Barbaros Hayrettin mahallesi Balkan coğrafyasının minyatürü gibiydi 20 yıl önce. Bulgaristan göçmenleri 1980’den sonra hızla artmıştı ama 80 öncesi mahalleye rengini veren Boşnaklardı. Özellikle Üsküp göçmeni üç sülalenin kızlarının güzelliği, hamaratlığı, güler yüzü dillere destandı.

“Köpük helva” gibi lekesiz Üsküplü güzellerin, kimisi hafta içi sancak-tül fabrikasında çalışır kimisi de çeyizci dükkanında tezgahtarlık ederdi. Ama evlerine gelir gelmez altı metre kumaştan diktikleri emprime şalvarlarını ayaklarına geçirir, başlarına döküm döküm oyalı tülbentlerini takarlardı.

Boşnak kızları bekarken çeyiz parası biriktirir, evlenince evinin kadını olurdu.
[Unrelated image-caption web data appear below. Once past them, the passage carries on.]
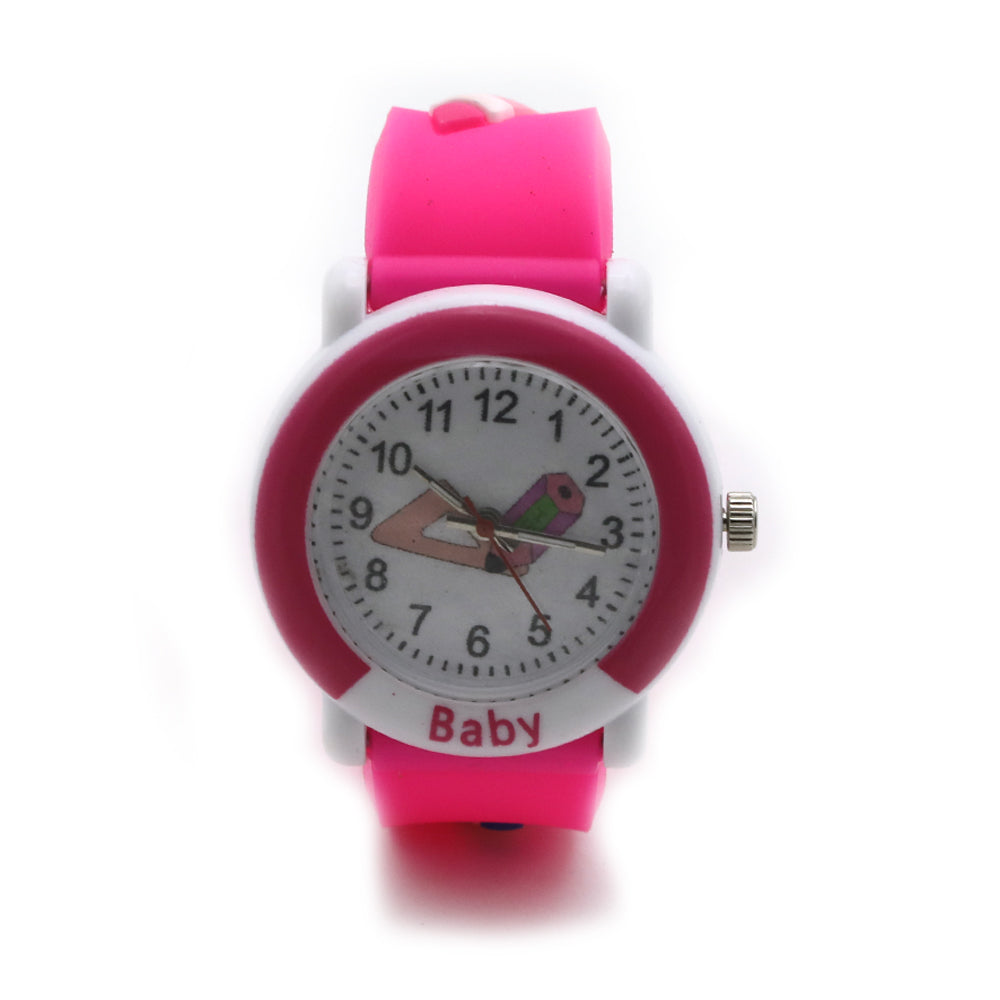 Children watch Glitter Belt - Pink, Boys Watches, Chase Value, Chase Value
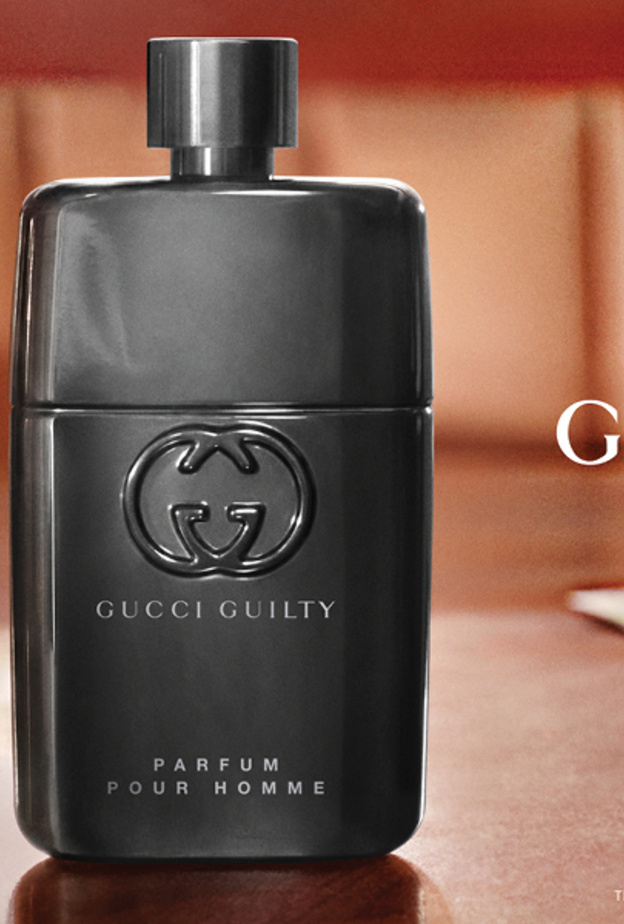 Gucci Guilty تتحدى العشّاق لاختيار الغير تقليدي مع إطلاق عطور Gucci Guilty الجديدة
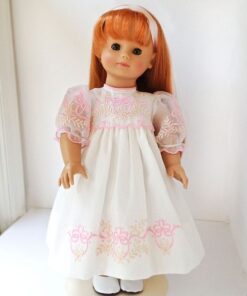 18-Inch Doll Dress
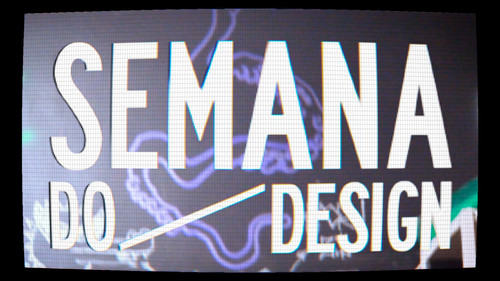 UFMG's DESIGN WEEK – the documentary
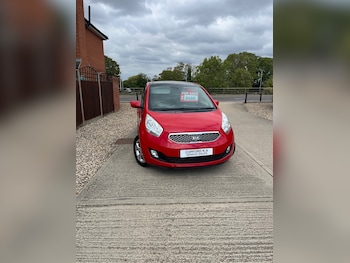 Used Kia Venga 2011 for sale - 76076773: Photo 2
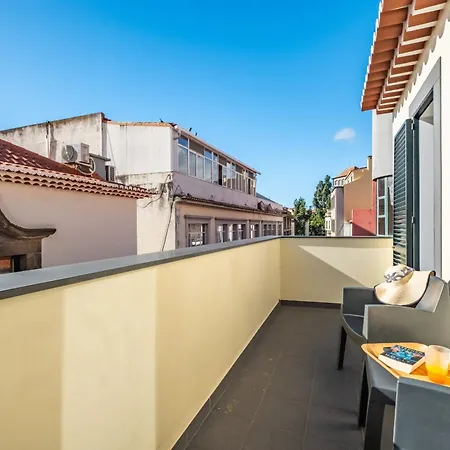 Tropical By Madeira Sun Travel Apartment *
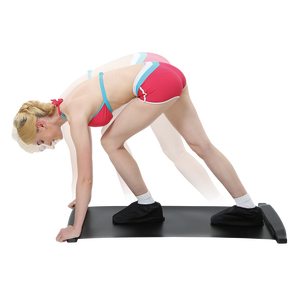 ALLWINWIN SLB01 Slide Board - Anti-Collision 100cm X 50cm Hockey - Product Image 3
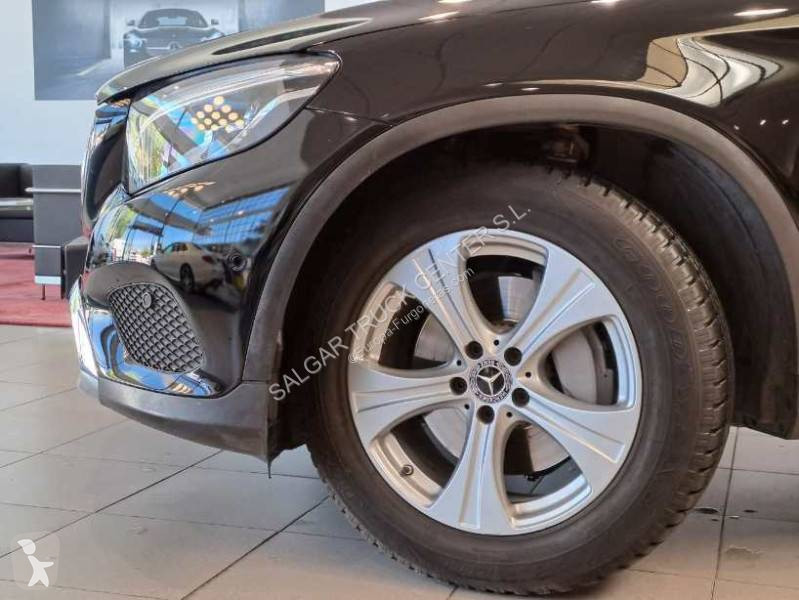 Furgoneta Mercedes 220D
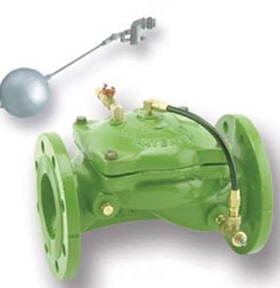 伯尔梅特bermadIR457-66-U流量控制阀DN5080100150200PN1016法兰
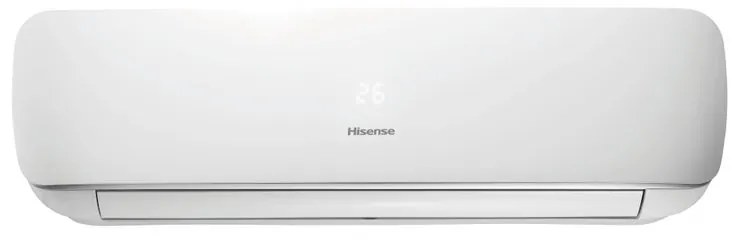 Unità interna climatizzatore HISENSE TG25VE00G 2507 BTU classe di raffreddamento A++, bianco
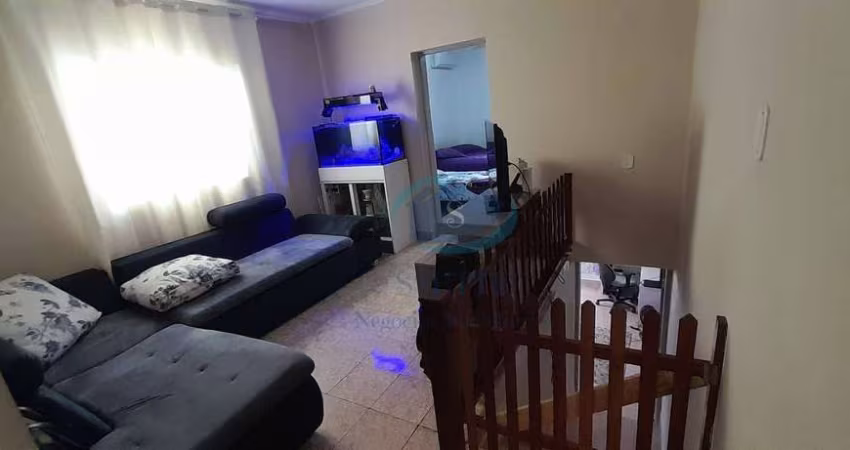 Sobrado com 3 dormitórios à venda, 150 m² por R$ 475.000,00 - Vila Moraes - São Paulo/SP
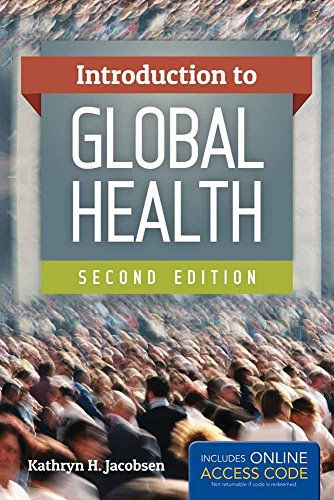Introduction to Global Health – 2nd Edition (PDF Instant Download)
Bütün gün yorgan yastık dışarda. Her bir ev temizliğin başkenti olmaya aday dip bucak durmadan temizlenirdi. Boşnak demek beyaza meftun demektir. Bembeyaz kadınlar daha da beyaz olmak uğruna neler neler sürerdi yüzlerine.

Bulgaristan göçmenleri, yaşlılar hariç evli bekar fark etmeden çalışırdı.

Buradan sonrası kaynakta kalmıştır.